Today, I'm going to go over a couple of the different carrier options and the pro's and con's of each of those.
1. The Wrap:
An example of this kind of carrier is my favorite, the Moby Wrap. The Moby Wrap is a long, stretchy fabric that wraps around the wearer in such a way as to create a pocket of sorts to carry your baby. While my son is 20 months and 23 pounds now, this still remains my favorite. The Moby has a weight range of newborn through 35 lb, which is the average weight of a three-year-old (though my nearly five-year-old daughter is still only 32 pounds, lol).
Wrap carriers are also sometimes woven. These wraps aren't stretchy like the Moby. Some examples of this type of carrier are the Didymos and the Storchenwiege.
1. Once you learn how to put it on, it's easy to use and can adjust to fit almost anyone.
2. There are multiple ways to carry your baby in it, so if you or your baby don't like a position, you can try another and another until you find the perfect one.
3. Newborns fit in this immediately.
4. You can arrange your baby in such a way that no one can easily touch your baby without your permission-especially important during cold and flu season.
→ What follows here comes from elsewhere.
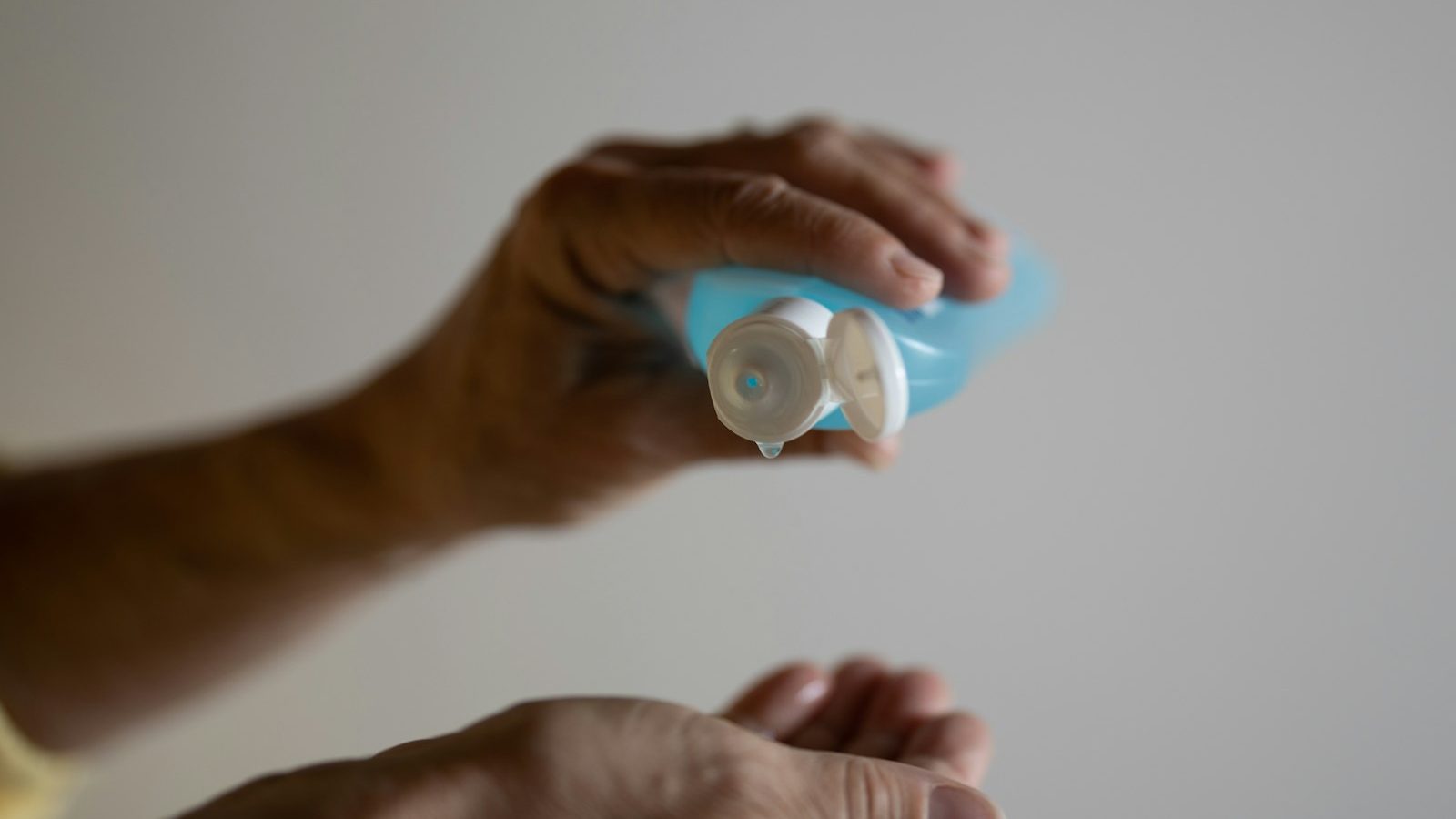 person holding white round ornament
5. The weight of the baby/child is distributed evenly over both shoulders and the wrap goes around the lower back, offering support there as well.
6. It's machine washable.
7. It offers complete head and neck support for the baby, which is great for a newborn or even in an older sleeping baby.
1. It can be tricky to learn to use it. There are videos available to show you how it's done, it comes with a picture-filled booklet explaining the procedure, and if you have any friends who wear this one you can get a first-hand explanation. There are also many stores all over the country that sell these wraps, so you could easily get directions from any of those as well.
2. The stretchy material of this wrap can get overly stretchy sometimes, but I've found washing it in the washer tightens it right back up.
3. This wrap can't be thrown on in seconds, it'll take a minute or two to wrap yourself correctly.
4. If you're outside trying to put it on, it'll be tough to keep it from dragging on the ground. I fix this problem by standing over the stroller and putting the ends in there as I wrap or standing by the open car door and putting the ends on the seat.
5. Husbands/boyfriends may not be wild about the whole wrapping process, though mine will let ME wrap HIM. Ask him to wrap himself, however, and you'll find that he probably couldn't do it at this point.
2. The Sling:
This carrier is a piece of fabric that goes over one shoulder. It often has a ring to adjust the fit.
1. This carrier goes on very quickly and easily.
2. Nursing a baby in this type of carrier is quite discreet.
3. You can hold your baby in a cradle position or an upright position without any trouble.
4. As with other carriers, your baby is close to you.
1. You lose complete use of the arm over which you've placed the sling as the fabric prevents you from lifting your arm totally.
2. You absolutely must keep one hand on the baby at all times because it's easier for them to slip out, especially if you lean forward as the baby will move away from your body when you do.
3. The fabric is often unforgiving so it can create pressure points on baby legs.
4. Because it goes over just one shoulder, you may feel uneven and it could even make shoulder pain appear or get worse.
5. Rings can break.
6. Your spouse may or may not be able to wear it, depending on their size.